Here's a fact: Christians are no more likely to reach out and help those in need than non-Christians, despite the call of their God to do so. No. more. likely. Christians are as morally bankrupt as anyone else. Equally. Christians do not have any right to claim moral superiority or higher-minded values because it is not what anyone says, it is how we choose to live.

Right now, this minute, while millions of Christians across this country are sitting in church crying "Amen" to the preacher's diatribe, people are hungry, living in poverty, doing without. More people than ever are in need. Food banks across this nation have empty shelves. Children are living with their parents in the back seat of the family car, which may be the next thing they lose. Right now. This minute.

Right now, this minute, while millions of Christians across this country are sitting in church silently applauding their pastor's subtle condemnation of gays or the President or the stimulus or health care reform, someone is not receiving a cancer, diabetes or heart disease diagnosis because they have no money to go to the doctor and find out what it is that's causing their fatigue, breathing difficulties, or dizziness. Right now. This minute.

Right now, this minute, while millions of Christians across this country are sitting in church silently thanking God that there's a Mike Pence coming to save this nation from the black guy in the Oval Office with the weird name and the Kenyan father, other people are doing whatever they can to help the family living in their car, the undiagnosed sick patient, the hungry and the homeless. They don't call themselves "values voters." They call themselves human beings. Right now. This minute.
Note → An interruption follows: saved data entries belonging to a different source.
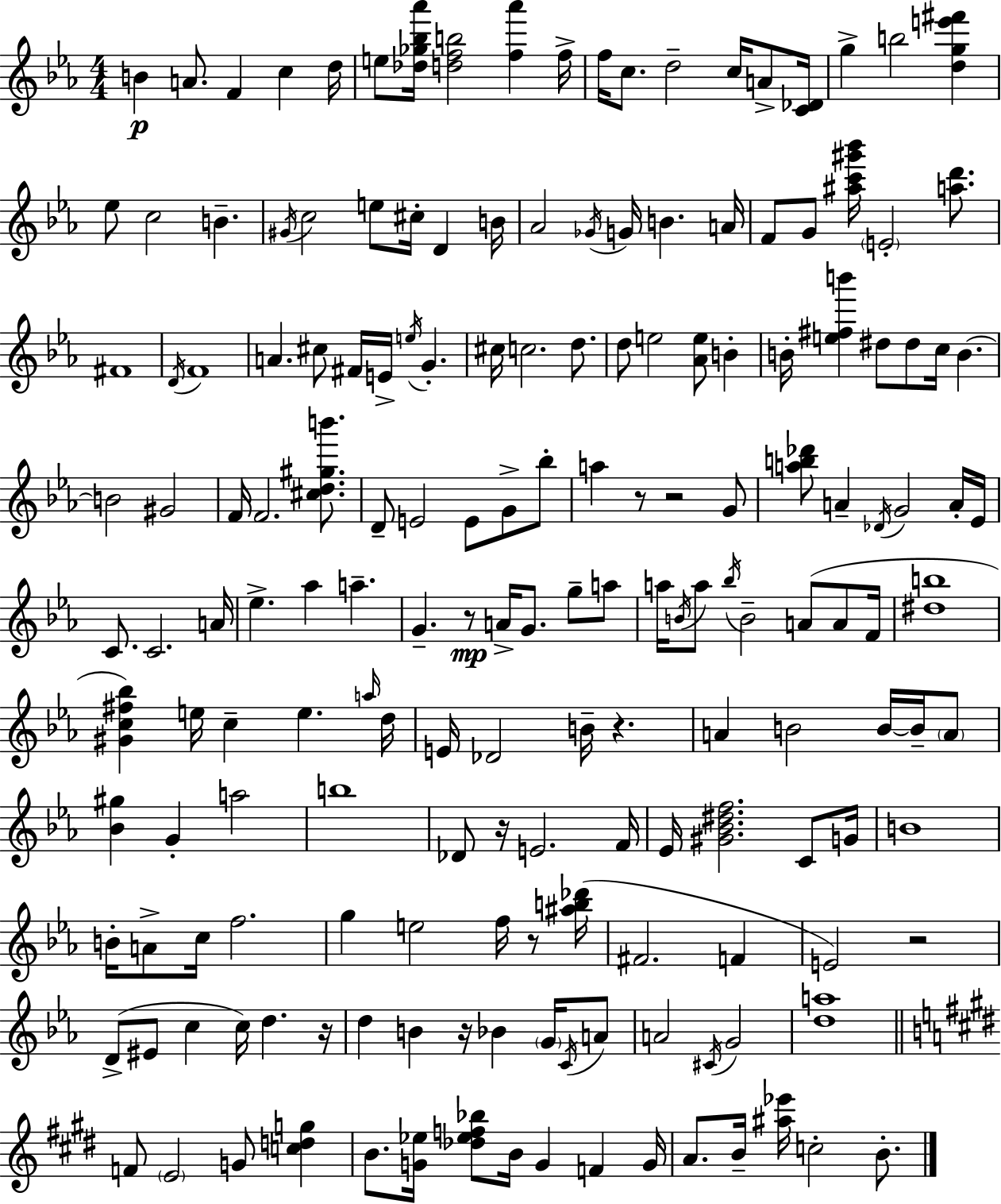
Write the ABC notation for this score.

X:1
T:Untitled
M:4/4
L:1/4
K:Eb
B A/2 F c d/4 e/2 [_d_g_b_a']/4 [dfb]2 [f_a'] f/4 f/4 c/2 d2 c/4 A/2 [C_D]/4 g b2 [dge'^f'] _e/2 c2 B ^G/4 c2 e/2 ^c/4 D B/4 _A2 _G/4 G/4 B A/4 F/2 G/2 [^ac'^g'_b']/4 E2 [ad']/2 ^F4 D/4 F4 A ^c/2 ^F/4 E/4 e/4 G ^c/4 c2 d/2 d/2 e2 [_Ae]/2 B B/4 [e^fb'] ^d/2 ^d/2 c/4 B B2 ^G2 F/4 F2 [^cd^gb']/2 D/2 E2 E/2 G/2 _b/2 a z/2 z2 G/2 [ab_d']/2 A _D/4 G2 A/4 _E/4 C/2 C2 A/4 _e _a a G z/2 A/4 G/2 g/2 a/2 a/4 B/4 a/2 _b/4 B2 A/2 A/2 F/4 [^db]4 [^Gc^f_b] e/4 c e a/4 d/4 E/4 _D2 B/4 z A B2 B/4 B/4 A/2 [_B^g] G a2 b4 _D/2 z/4 E2 F/4 _E/4 [^G_B^df]2 C/2 G/4 B4 B/4 A/2 c/4 f2 g e2 f/4 z/2 [^ab_d']/4 ^F2 F E2 z2 D/2 ^E/2 c c/4 d z/4 d B z/4 _B G/4 C/4 A/2 A2 ^C/4 G2 [da]4 F/2 E2 G/2 [cdg] B/2 [G_e]/4 [_d_ef_b]/2 B/4 G F G/4 A/2 B/4 [^a_e']/4 c2 B/2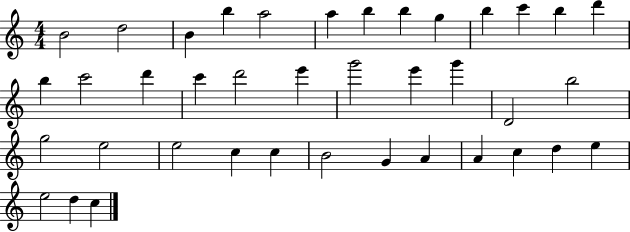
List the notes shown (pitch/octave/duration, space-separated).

B4/h D5/h B4/q B5/q A5/h A5/q B5/q B5/q G5/q B5/q C6/q B5/q D6/q B5/q C6/h D6/q C6/q D6/h E6/q G6/h E6/q G6/q D4/h B5/h G5/h E5/h E5/h C5/q C5/q B4/h G4/q A4/q A4/q C5/q D5/q E5/q E5/h D5/q C5/q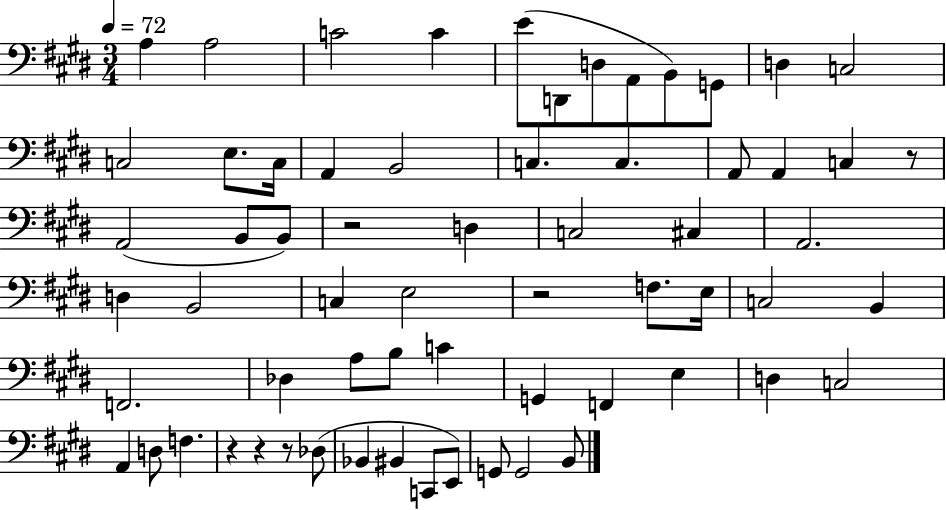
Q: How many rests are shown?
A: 6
So to the Mike Pences, Mike Huckabees, Dan Gainors, and the rest of you who think it's perfectly righteous to stand in united opposition to "Obamacare" and deny your fellow citizens the right to access and pay for health care they need, I ask you which of these statements is more representative of your "values"?

"In God We Trust"
"In Wellpoint We Trust"

Finally, consider this: Mike Pence, that wild-eyed Obamacare-spitting dude in the video won the 2012 Presidential straw poll among these so-called values voters. That's the same Mike Pence whose highest contributors include Blue Cross/Blue Shield, banks and investment companies.

In oligarchs they trust. In Wellpoint they trust. In war they trust. In money they trust. In compassion and love, not so much.